É também de um autor gaúcho a experiência com zumbis tema desta resenha: Antônio Xerxenesky (1984) escreveu e lançou Areia nos Dentes em 2008 pela Não Editora, uma editora independente que criou junto com cinco amigos e que hoje em dia já tem um catálogo respeitável. Relançado pela Rocco em 2010 (com um cuidado gráfico bastante apurado, capa e edição) com uma orelha elogiosa escrita pelo Daniel Galera, o livro também foi finalista do Prêmio Açorianos.
O próprio Galera lembra, na orelha desta edição, que a temática zumbi carrega nas costas uma legião de fãs de histórias que simplesmente deram certo: discutir esteticidade nesse campo pode não ser uma boa ideia, porque além de correr o risco de contrariar muita gente, a discussão pode ser simplesmente deixada de lado. Não há dúvidas, histórias com zumbis tendem a dar certo.

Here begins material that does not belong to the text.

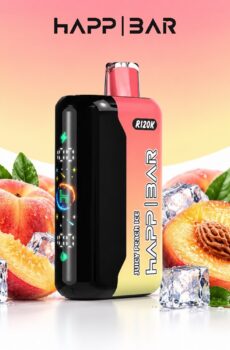 HAPP R120K – Juicy Peach Ice, 120 000 дръпки, с дисплей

Mas falando em literatura com ambição estética séria, o público é diferente daquele que usualmente curte zumbis (os gostos, é claro, não são excludentes nesse caso, mas...). Portanto, é no mínimo ousado que um escritor com pretensão artística escreva sobre... zumbis. Mas, e esse é o ponto alto, Xerxenesky não escreve sobre zumbis: ele os utiliza como uma estetização de um sentimento profundo e muito humano, relacionado à morte, que em muitos outros livros está retratado de maneiras diferentes.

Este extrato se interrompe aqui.